The demands of public life in France were very different after the French Revolution of 1789. A new egalitarian political order had to find an identity connection with artistic practice and vice versa. In the Paris Salon of 1791 –first of the revolutionary period-, Jacques-Louis David (1748-1825) was not involved with a large painting of historical theme in the traditional way as it had been with his now famous works The Oath of the Horatii (1784) or The Death of Socrates (1787).
By contrast and establishing a unique connection with the demands of his context, David sent a drawing, with a beautiful fini, but finally an unfinished work or, better said, the project of a work. It was The Tennis Court Oath (1791). This work presented a major event for the revolutionary and civic life from just two years ago: the time in which the delegates of the Third Estate were assumed to be representative of a larger political body, and swear to keep in permanent assembly until they produced one constitution for a France that should set behind it all notions of the ancien régime.
It is interesting that the work was commissioned by an unofficial political group self-called «Society of Friends of the Constitution». In addition, it was expected that the final work -a huge canvas on which the figures in the foreground would have life-size- “would be paid for 3,000 subscribers that would later receive an engraving of the painting. The final destination of the work was the lobby of the National Assembly itself” –as Thomas Crow explains.

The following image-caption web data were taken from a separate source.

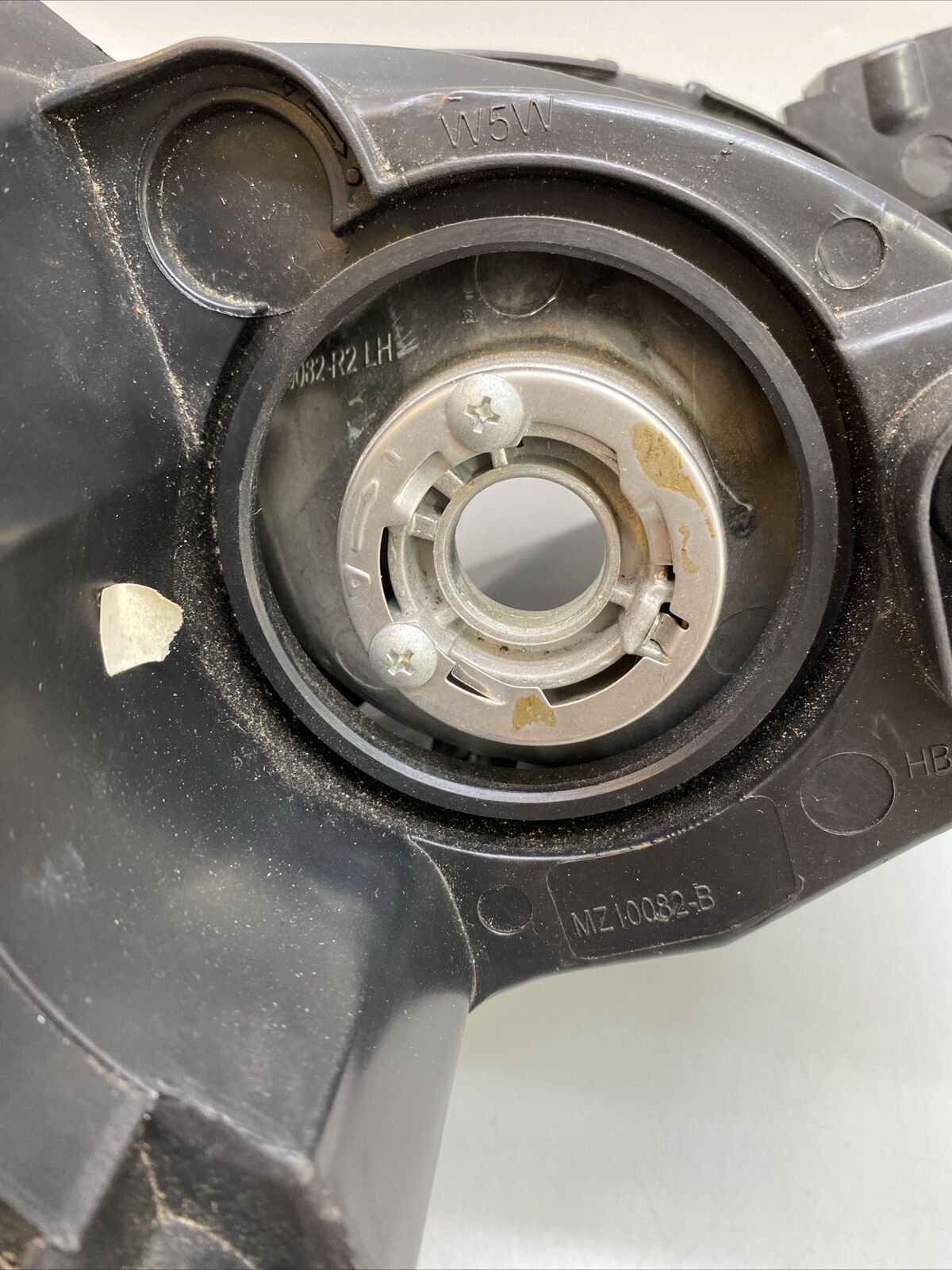 mazda 3 headlight 2004-09 driver side headlight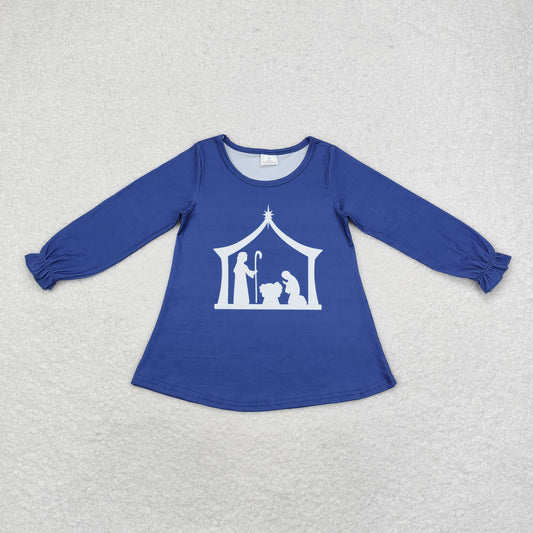 Kids Girls The Nativity Story Long Sleeve Top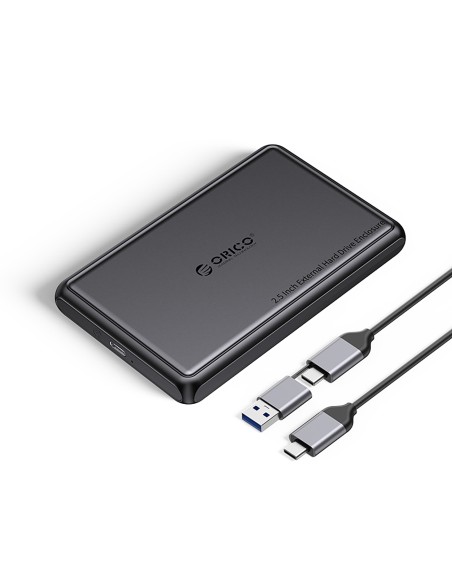 DDL25-C3 2,5 colio HDD / SSD USB-C 5Gb/ s disko dėklas – juodas
 
DDL25-C3 2,5 colio HDD / SSD USB-C 5Gb/ s disko dėklas – juodas
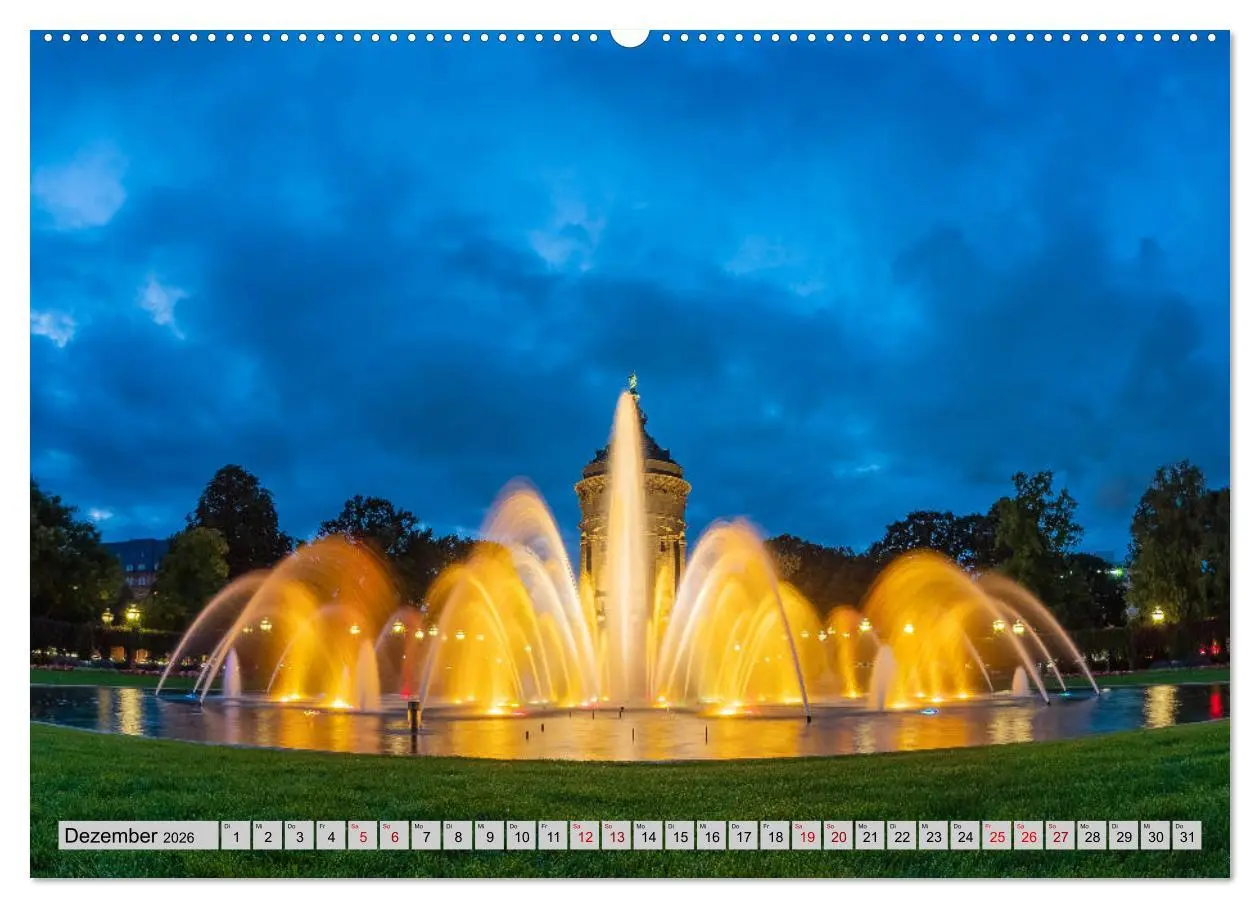 Bild: 9783457677537 | Mannheimer Impressionen. (hochwertiger Premium Wandkalender 2026...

Of this -more than the simple curious story-, we want to emphasize to the reader’s eyes the fact that the work, given the way the event is presented, the way it was intended to be funded, and the final destination display it pointed to what Crow called “the execution of public will.” Thus, David ventured in a field so very different from that of the divine will or the will of the sovereign which had distinguished the great works of art before. When he stepped in the grounds of public will, he managed to create a sense of unity in a very large percentage of society and set himself free from the shackles imposed by traditional forms of power emanating from the Church and the Monarchical State.
Addressing to the National Assembly, David explained that:
“Before, artists used to not having subjects for their works and they had no choice but to repeat themselves. But now the subjects remain without artists. No history of any people gives me nothing as big or as sublime as the Tennis Court Oath I should paint. No, I will not have to invoke the gods of myths to ask them for inspiration. French nation! I desire to spread your glory. People of the Universe, present and future, I am willing to teach you this great lesson. Sacred humanity, I desire to remind you your rights through a unique example in the annals of History. Oh, woe to the artist whose spirit does not swell when causes so powerful embrace them!”
Clearly, with this work, David gave a strong response to the nodal problem of the art of his time. When he tied up the grandeur of traditional history painting and the aspirations of the new public and citizen realm, he stood as the main connector between art and immediacy of the present, who built a different story to that of the emblematic figures of the hackneyed timeless allegories of the great traditional historical painting. Michael Burleigh states that The Tennis Court Oath meant a contract with the future not with the past.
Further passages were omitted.